Higher education doesn't mean success
The entrance to the University of Technology, Jamaica in St Andrew.

Dear Editor,

As a young adult I have never been and will never be a political person, because why would I be?

I am not a well-informed person when it comes onto what happens in our country, for I am very unimpressed as to whatever I do see happening.

However, I am a die-hard Jamaican. I love my country, and I genuinely never want to leave. I am currently a university student studying a medical technology programme. By hearing the medical you would think this was a rewarding profession, but let me tell you, it would take me over 10 years before I am able to feel the rewards.
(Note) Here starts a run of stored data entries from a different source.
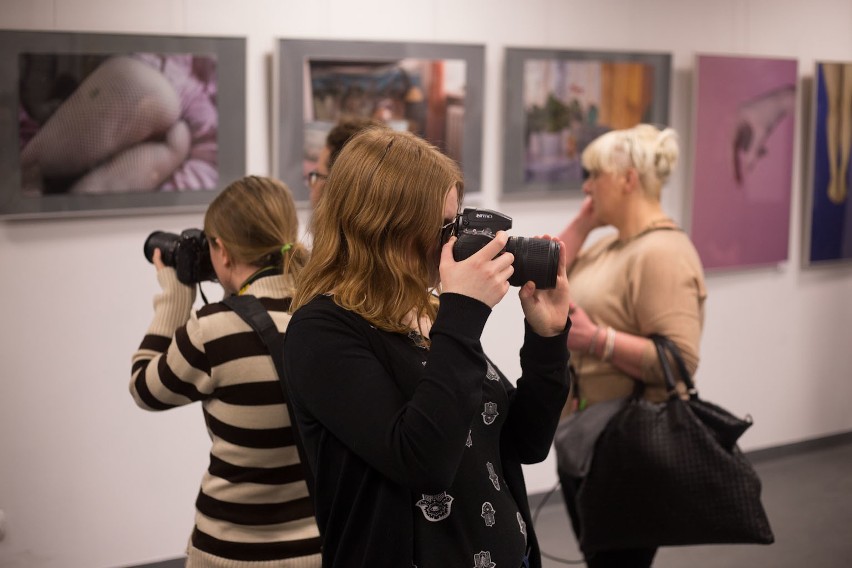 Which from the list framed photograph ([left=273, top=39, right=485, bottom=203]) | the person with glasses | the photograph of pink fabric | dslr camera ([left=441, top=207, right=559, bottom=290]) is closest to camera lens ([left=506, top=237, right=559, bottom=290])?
dslr camera ([left=441, top=207, right=559, bottom=290])

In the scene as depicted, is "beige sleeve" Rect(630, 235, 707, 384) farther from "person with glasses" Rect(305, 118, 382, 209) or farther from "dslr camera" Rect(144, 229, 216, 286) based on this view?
"dslr camera" Rect(144, 229, 216, 286)

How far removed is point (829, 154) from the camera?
210 inches

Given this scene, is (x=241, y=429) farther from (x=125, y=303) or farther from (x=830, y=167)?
(x=830, y=167)

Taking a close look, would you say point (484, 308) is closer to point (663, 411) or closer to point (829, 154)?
point (663, 411)

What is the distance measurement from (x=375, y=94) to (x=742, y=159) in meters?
2.00

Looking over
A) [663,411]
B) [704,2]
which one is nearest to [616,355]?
[663,411]

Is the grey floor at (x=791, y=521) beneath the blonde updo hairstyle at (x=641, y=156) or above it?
beneath

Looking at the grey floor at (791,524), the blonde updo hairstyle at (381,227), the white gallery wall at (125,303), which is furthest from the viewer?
the grey floor at (791,524)

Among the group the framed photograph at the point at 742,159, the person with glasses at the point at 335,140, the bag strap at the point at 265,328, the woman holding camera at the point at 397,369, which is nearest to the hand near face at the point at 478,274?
the woman holding camera at the point at 397,369

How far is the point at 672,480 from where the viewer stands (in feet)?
9.15

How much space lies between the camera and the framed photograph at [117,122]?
325 cm

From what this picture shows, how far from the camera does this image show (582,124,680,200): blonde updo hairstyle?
2.98 meters

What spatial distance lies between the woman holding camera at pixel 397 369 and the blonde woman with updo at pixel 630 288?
1.31 meters

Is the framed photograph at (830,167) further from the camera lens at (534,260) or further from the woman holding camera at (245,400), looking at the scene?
the camera lens at (534,260) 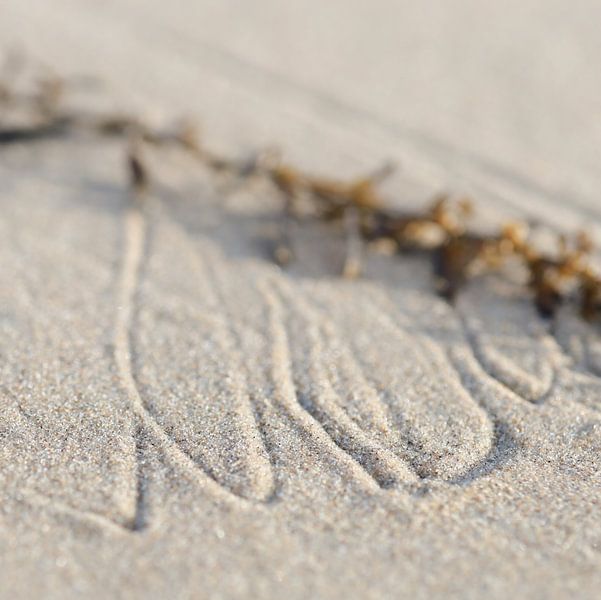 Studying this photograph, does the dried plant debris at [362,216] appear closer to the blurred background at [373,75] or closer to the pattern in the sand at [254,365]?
the pattern in the sand at [254,365]

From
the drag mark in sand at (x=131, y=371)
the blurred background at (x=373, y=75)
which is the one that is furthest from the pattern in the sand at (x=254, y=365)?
the blurred background at (x=373, y=75)

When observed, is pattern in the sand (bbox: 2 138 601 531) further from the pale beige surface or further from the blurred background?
the blurred background

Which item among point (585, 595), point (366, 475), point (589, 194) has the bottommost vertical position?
point (366, 475)

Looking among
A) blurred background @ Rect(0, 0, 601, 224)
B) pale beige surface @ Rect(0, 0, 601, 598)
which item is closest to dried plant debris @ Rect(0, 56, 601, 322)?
pale beige surface @ Rect(0, 0, 601, 598)

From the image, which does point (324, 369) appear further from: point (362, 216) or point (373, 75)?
point (373, 75)

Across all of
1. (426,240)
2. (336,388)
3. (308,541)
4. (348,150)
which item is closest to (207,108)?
(348,150)

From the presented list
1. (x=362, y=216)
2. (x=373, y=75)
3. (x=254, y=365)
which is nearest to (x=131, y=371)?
(x=254, y=365)

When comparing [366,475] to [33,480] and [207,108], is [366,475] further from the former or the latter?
[207,108]
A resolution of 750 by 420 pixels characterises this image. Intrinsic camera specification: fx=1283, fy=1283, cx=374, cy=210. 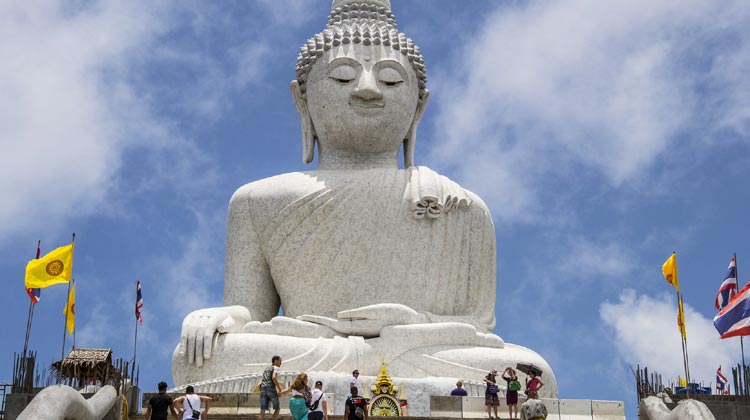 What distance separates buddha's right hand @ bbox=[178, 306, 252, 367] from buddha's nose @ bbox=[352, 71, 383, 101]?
13.6 ft

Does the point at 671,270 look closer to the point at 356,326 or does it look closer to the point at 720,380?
the point at 356,326

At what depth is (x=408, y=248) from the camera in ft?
66.4

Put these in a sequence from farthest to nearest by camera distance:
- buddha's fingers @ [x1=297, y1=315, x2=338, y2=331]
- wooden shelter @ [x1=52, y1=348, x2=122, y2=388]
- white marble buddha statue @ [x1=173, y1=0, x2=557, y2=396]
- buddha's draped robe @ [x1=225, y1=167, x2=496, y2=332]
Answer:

The question I ask myself is: Why is it so hard to make it in Jamaica, despite me being educated?

I just don't understand the stigma around being degreed in Jamaica and our only choices are to migrate or stay here underpaid.

Not everyone is meant to be business owners, some of us actually want to work a nine to five. I want to work a nine to five! This is why many young people do not go beyond high school because if you don't want to become a doctor or nurse, we remain unemployed or underpaid.

Recently, there was a big strike among the teachers which looks terrible on our Government, because why are the people responsible from educating and grooming our future leaders to not be getting enough pay? That is utter stupidity, and what does that say for the other careers there are? I'd like to think all jobs are important for the particular role they play in society.

I am not yet facing the work world and I am totally scared of what I may come upon. I am just at an impasse as to what our Government or our people are doing wrong for our development to remain so slow.

We need to get to the bottom of this so that, if not my generation, the future generations will be able to see that having higher education will indeed lead to success.